How I Would Build the Next Iteration

I would build the next stage gradually. First, I would confirm that local code can authenticate and call the deployed model. Then I would create a small Azure AI Search index, upload a few approved documents, and query the index from local code. Once retrieval works, the next step is to combine the user question and retrieved chunks into a compact prompt and return an answer with source references.

Only after that would I deploy the runtime to Function App or App Service. At that point, managed identity, Key Vault references, Application Insights tracing, dependency tracking, and failure logging become more important. Finally, I would add a small evaluation set and run it after changes to prompts, chunking, retrieval settings, or model configuration.

This order is important. I do not want to harden a runtime that has not yet proven the basic model call and retrieval path. I also do not want to build complex orchestration before the assistant can answer simple grounded questions reliably.

What I Would Not Build Yet

A good POC is partly defined by what it does not try to solve too early. For this stage, I would not build a fully autonomous Azure operator, multi-agent orchestration, large-scale enterprise search, uncontrolled document crawling, production change actions, complex long-running task memory, active-active DR for the assistant, or full private networking before the application workflow is proven.

Those topics may become relevant later. Adding them too early would make it harder to see whether the core assistant pattern is actually useful.

Success Criteria

For this workflow-focused stage, success should be measurable. The assistant should answer from a small approved document set, include source references, say when an answer is not found, expose retrieval results during troubleshooting, log model calls and failures, avoid secrets in source code, and support a small repeatable evaluation set.

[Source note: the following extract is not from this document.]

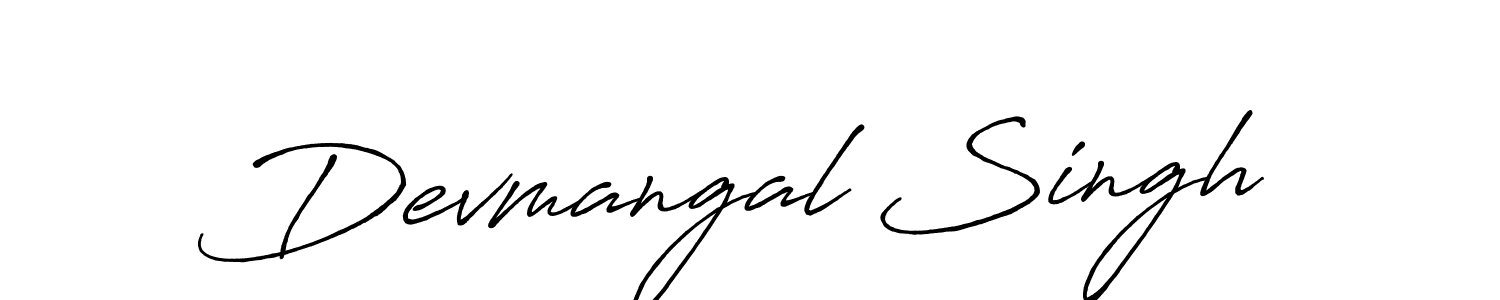 How to make Devmangal Singh signature? Antro_Vectra_Bolder is a professional autograph style. Create handwritten signature for Devmangal Singh name. Devmangal Singh signature style 7 images and pictures png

Before moving beyond this stage, I would want to see three things working reliably:

  • local code can call the model and query Azure AI Search;
  • answers are grounded in retrieved documents and include useful references;
  • telemetry and a small evaluation set can show whether changes improved or broke the assistant.

These are practical success criteria. They do not pretend the POC is production-ready, but they also avoid treating a nice demo response as enough evidence.

Final Thoughts

This article is the bridge between infrastructure and application behaviour. The previous stage proved that the platform foundation can be deployed in a structured way. This stage defines what the workload should actually do.

For me, the important lesson is that an Azure AI POC needs both sides. It needs the platform discipline: Bicep, pipelines, identity, configuration, monitoring and environment structure. But it also needs the AI workload discipline: scoped data, retrieval quality, context control, grounded answers, guardrails and evaluation.

The next useful milestone is not a more impressive demo. It is a small working workflow: approved documents in, relevant retrieval, grounded answer out, references included, telemetry captured, and evaluation repeatable.

That is the point where the POC starts to become something more useful than a collection of deployed Azure resources.